| Working data |
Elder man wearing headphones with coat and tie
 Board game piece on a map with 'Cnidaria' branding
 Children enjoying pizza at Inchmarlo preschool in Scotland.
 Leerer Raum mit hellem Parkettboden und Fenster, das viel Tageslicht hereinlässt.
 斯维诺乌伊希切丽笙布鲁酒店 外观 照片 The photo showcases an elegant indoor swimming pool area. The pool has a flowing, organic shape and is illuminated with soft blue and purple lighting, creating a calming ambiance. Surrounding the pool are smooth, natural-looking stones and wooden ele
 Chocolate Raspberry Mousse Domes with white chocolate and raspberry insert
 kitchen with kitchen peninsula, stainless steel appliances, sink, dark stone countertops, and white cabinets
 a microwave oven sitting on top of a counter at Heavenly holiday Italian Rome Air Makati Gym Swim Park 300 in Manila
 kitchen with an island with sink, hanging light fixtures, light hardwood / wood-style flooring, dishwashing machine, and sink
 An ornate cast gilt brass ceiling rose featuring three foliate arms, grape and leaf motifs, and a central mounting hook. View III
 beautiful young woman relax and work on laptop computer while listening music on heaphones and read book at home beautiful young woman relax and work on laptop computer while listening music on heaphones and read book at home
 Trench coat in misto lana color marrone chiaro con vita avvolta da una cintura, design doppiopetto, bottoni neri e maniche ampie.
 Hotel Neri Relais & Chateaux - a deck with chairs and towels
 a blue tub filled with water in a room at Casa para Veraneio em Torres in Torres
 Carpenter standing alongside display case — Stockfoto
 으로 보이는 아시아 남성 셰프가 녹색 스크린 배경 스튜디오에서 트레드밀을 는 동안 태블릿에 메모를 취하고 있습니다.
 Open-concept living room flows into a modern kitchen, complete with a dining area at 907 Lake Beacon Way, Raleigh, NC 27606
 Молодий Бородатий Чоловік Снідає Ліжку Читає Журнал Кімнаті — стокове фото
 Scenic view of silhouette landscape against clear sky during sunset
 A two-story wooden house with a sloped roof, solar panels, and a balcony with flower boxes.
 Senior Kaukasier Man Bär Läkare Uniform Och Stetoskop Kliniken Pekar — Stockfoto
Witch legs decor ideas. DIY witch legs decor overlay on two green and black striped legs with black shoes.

| About this task |
The range runs from the line with "Children enjoying pizza" up to and including the line with "An ornate cast" in the listing above; please write out exactly those lines and nothing more.

| Exercise solution |
 Children enjoying pizza at Inchmarlo preschool in Scotland.
 Leerer Raum mit hellem Parkettboden und Fenster, das viel Tageslicht hereinlässt.
 斯维诺乌伊希切丽笙布鲁酒店 外观 照片 The photo showcases an elegant indoor swimming pool area. The pool has a flowing, organic shape and is illuminated with soft blue and purple lighting, creating a calming ambiance. Surrounding the pool are smooth, natural-looking stones and wooden ele
 Chocolate Raspberry Mousse Domes with white chocolate and raspberry insert
 kitchen with kitchen peninsula, stainless steel appliances, sink, dark stone countertops, and white cabinets
 a microwave oven sitting on top of a counter at Heavenly holiday Italian Rome Air Makati Gym Swim Park 300 in Manila
 kitchen with an island with sink, hanging light fixtures, light hardwood / wood-style flooring, dishwashing machine, and sink
 An ornate cast gilt brass ceiling rose featuring three foliate arms, grape and leaf motifs, and a central mounting hook. View III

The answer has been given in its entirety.